Weizmann Institute scientists have found what makes the bacterium Deinococcus radiodurans the most radiation-resistant organism in the world: The microbe's DNA is packed tightly into a ring. The findings, published in the January 10 issue of Science, solve a mystery that has long engaged the scientific community, according to a press release by the Rehovot-based scientific institute.



The red bacterium can withstand 1.5 million rads - a thousand times more than any other life form on Earth and three thousand that of humans. Its healthy appetite has made it a reliable worker at nuclear waste sites, where it eats up nuclear waste and transforms it into more disposable derivatives. The ability to withstand other extreme stresses, such as dehydration and low temperatures, makes the microbe one of the few life forms found on the North Pole. Since DNA is the first part of a cell to be damaged by radiation and the most lethal damage is the breakage of both DNA strands, scientists have focused on DNA repair mechanisms to find the answer to the microbe's resilience. Cells, including human cells, can mend only very few such breaks in their DNA. Microbes, for example, can repair only three to five.

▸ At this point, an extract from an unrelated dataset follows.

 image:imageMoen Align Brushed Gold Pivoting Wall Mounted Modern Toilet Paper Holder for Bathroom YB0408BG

Yet D. radiodurans can fix more than 200.



Using an assortment of optical and electron microscopy methods, Professor Avi Minsky of the Weizmann Institute of Science?s Organic Chemistry Department found that the microbe's DNA is organized in a unique ring that prevents pieces of DNA broken by radiation from floating off into the cell's liquids. Unlike other organisms, in which DNA fragments are lost due to radiation, this microbe does not lose genetic information, because it keeps the severed DNA fragments tightly locked in the ring - by the hundreds, if necessary. The fragments, held close, eventually come back together in the correct, original order, reconstructing the DNA strands.

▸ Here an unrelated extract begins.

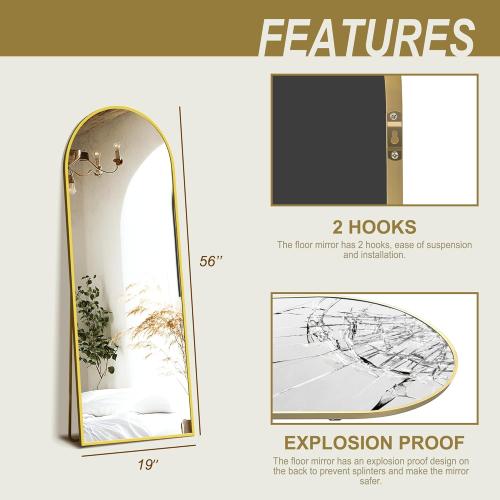 Size 56x20 Color Gold Delma Full Length Mirror, Large Floor Mirror for Wall, Bedroom, Bathroom, Living Room with Aluminium Frame (Stand, Arch 56x20-Gold)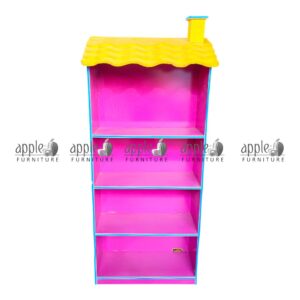 APPLE AP-100-ORG Classroom Book Rack for school book shelf and school library shelving unit Colorful Classroom Book Rack with orange shelves and yellow roof design for Montessori schools APPLE school book shelf for books, files, and classroom learning material storage School library shelving unit for kids reading corner and classroom book organization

The finding of a tightly packed ring made the team wonder how the bacterium could live and function under normal conditions. DNA strands must unfurl to perform their job of protein production. How can they do that if they can barely budge? This question led to the uncovering of another of the microbe's survival strategies: out of the four copies of DNA, there are always two or three tightly packed in a ring while the other copies are free to move about. Thus, at any given moment there are copies of DNA that drive the production of proteins and others that are inactive, but continuously protected.



Minsky, along with other scientists, believes that the bacterium?s answer to acute stresses evolved on Earth as a response to the harsh environments from which it might have emerged. It is one of the few life forms found in extremely dry areas. The unique defense mechanism that evolved to help it combat dehydration proves useful in protecting it from radiation.



Deinococcus radiodurans was discovered decades ago in canned food that was sterilized using radiation. Red patches appeared in the cans - colonies of the bacterium - setting off questions as to how it could have survived. Though these questions have now been answered, the tide of speculation as to how these defense mechanisms evolved - and where - is likely to continue.